PROPERTY FROM THE ESTATE OF THE ARTIST, BEIRUT
Aractingi undertook painting at a very young age. His works are often differentiated by his use of unique colour gradations, bold pigments and recurring use of nature. His style is reminiscent to that of Henri Rousseau; however Aractingi’s choice of a rich colour palette remains very distinct and particular to his own individualistic style.
Aractingi’s greatest artistic achievement was painting Jean de la Fontaine's (French, 1621 - 1695) entire collection of 244 fables on individual canvases. He embarked on this mamoth project titled Magnum Opus in January 1989, whilst residing in France. Seven years and 244 canvases later, he completed the ambitious project in 1995 on the 300th anniversary of De La Fontaine’s death. This present work is from Aractingi’s renowned Magnum Opus series, a rare and beautiful depiction of De La Fontaine’s fable of The Wolf and The Lamb.
As with most of Aractingi’s works, upon first impression The Wolf and The Lamb comes across as innocent and playful. The vibrancy of colours in his paintings with which he is praised for, alongside his rich compositions project an element of humour and evoke light-heartedness. Upon further study, the audience can distinguish a clandestine defiance to the innocence depicted. Aractingi’s art is highly symbolic, often making strong references to issues of morality and injustice. The moral of De La Fontaine’s story of The Wolf and The Lamb is that the tyrant can always find a justification for his tyranny and will never acquiesce to the reasoning of the innocent.
Aractingi's works are extensively inspired by fictional stories and fables. He generously provides his audience a gateway into the creases of a fantasy world inhabited by folk creatures and copious animals; all brought to life using his vivid brushstrokes.
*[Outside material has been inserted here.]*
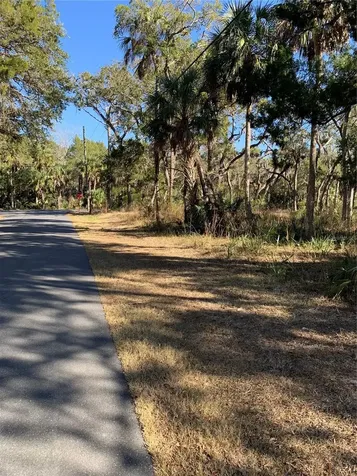 12148 W Standish Drive Homosassa FL 34448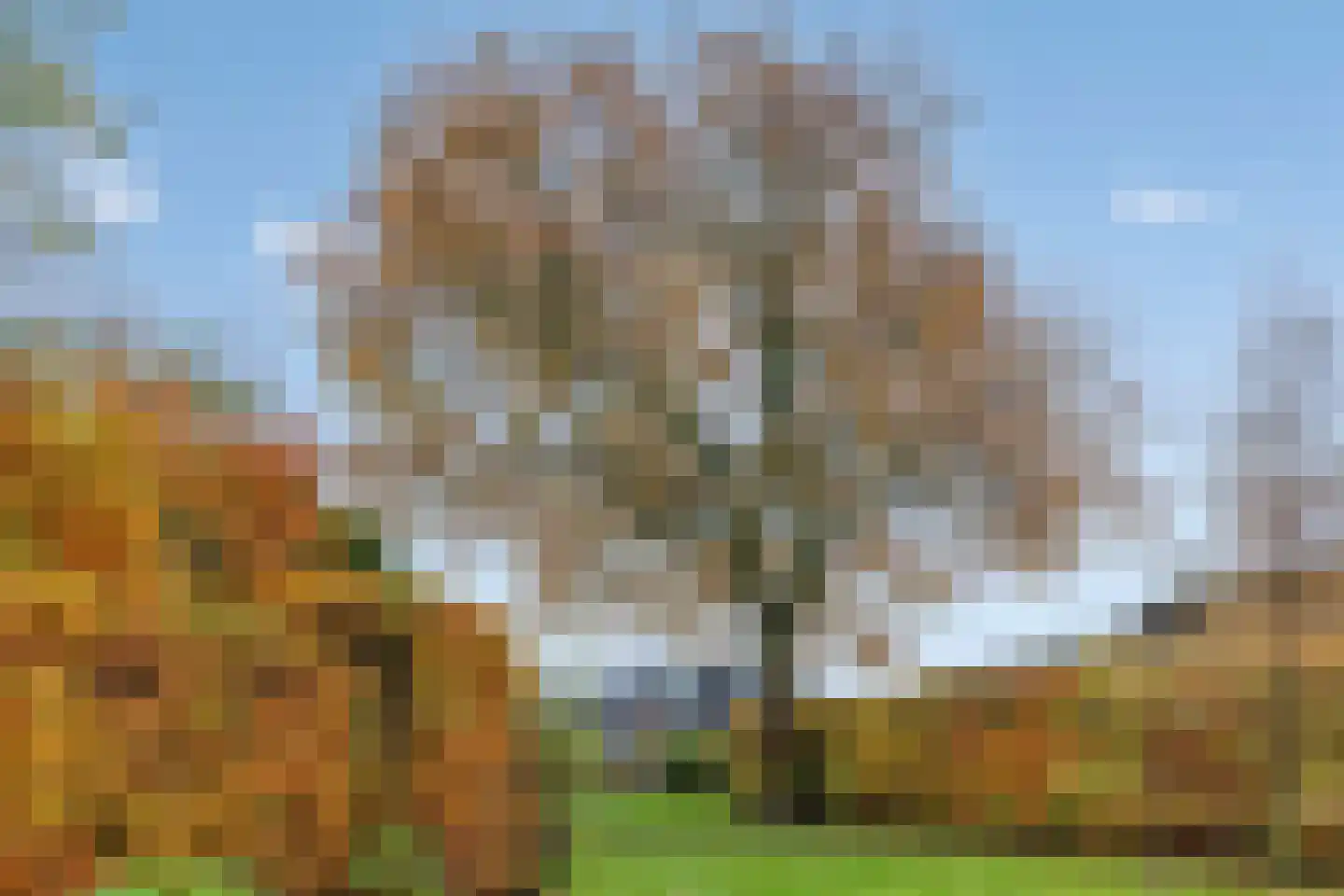 Foarwei 112 Kollumersweach thumbnail 56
He continued to paint insistently up until his death in 2003; depicting Antar and Abla, Geha, Tarzan, Adam and Eve, and a plethora of animals throughout his oeuvre, where he skilfully intertwined the worlds of reality and fantasy. Following his death, the artist's family estate donated 230 of his works to the Sursock Museum in Beirut. In 2017, the museum mounted a retrospective curated by Yasmine Chemali who gathered some 120 works under the title Les Mondes de Willy Aractingi. Sotheby's is privileged to be offering this important and rare work from the estate of the artist.